Carl Bridge (born 1950) is an Australian historian, academic, and professor emeritus of Australian History at King's College London.

==Biography==
Carl Bridge was born in Sydney and attended Fort Street Boys’ High School. He is a graduate of the University of Sydney and Flinders University. He taught at Flinders and the University of New England, and was director of the Menzies Centre for Australian Studies, King's College London from 1997 to 2014. He has been a fellow of Clare Hall, Cambridge; Churchill College, Cambridge; the Australian Prime Ministers' Centre; and the National Library of Australia. He is also a fellow of the Royal Historical Society. Bridge is a former co-editor of London Papers in Australian Studies and Reviews in Australian Studies. He often speaks and writes on Australian matters in the British and international media. He is currently co-writing with Jatinder Mann and Bart Zielinski a documentary history of Anglo-Australian relations 1914–19. A Festschrift in his honour, “Reflecting on the British World”, edited by Jatinder Mann and Bart Zielinski, was published in 2024.

==Selected publications==
- Revolution: A History of the Idea. London: Croom Helm, 1985. (Edited with David Close).
- Holding India to the Empire: the British Conservative Party and the 1935 Constitution. New Delhi: Sterling; London: Oriental, 1986.
- A Trunk Full of Books: A History of the State Library of South Australia and its forerunners. Adelaide: Wakefield, 1986.
- Munich to Vietnam: Australia's Relations with Britain and the United States since the 1930s.
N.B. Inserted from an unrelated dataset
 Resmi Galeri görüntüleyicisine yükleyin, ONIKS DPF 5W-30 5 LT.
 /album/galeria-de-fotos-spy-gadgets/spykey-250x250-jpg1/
Melbourne: Melbourne University Press, 1991. (Edited).
- Manning Clark: Essays on his Place in History. Melbourne: Melbourne University Press, 1994. (Edited).
- Between Empire and Nation: Australia's External Relations from Federation to the Second World War. Melbourne: Australian Scholarly, 2000. (Edited with Bernard Attard).
- The British World: Diaspora, Culture, Identity. London: Frank Cass, 2003. (Edited with Kent Fedorowich).
- A Delicate Mission: The Washington Diaries of R. G. Casey, 1940–42. Canberra: National Library of Australia, 2008. (Edited).
- William Hughes: Australia. London: Haus Publishing, 2011.
- Australia and the United Kingdom 1960–1975. Canberra: Department of Foreign Affairs and Trade, 2010. (Edited with S.R. Ashton & Stuart Ward)
- The High Commissioners. Australia’s Representatives in the United Kingdom, 1910–2010. Canberra: Department of Foreign Affairs & Trade, 2010. (Edited with Frank Bongiorno & David Lee).
- Australia Goes to Washington: 75 years of Australian representation in the United States, 1940–2015. Canberra: ANU Press, 2016. Edited with David Lowe and David Lee).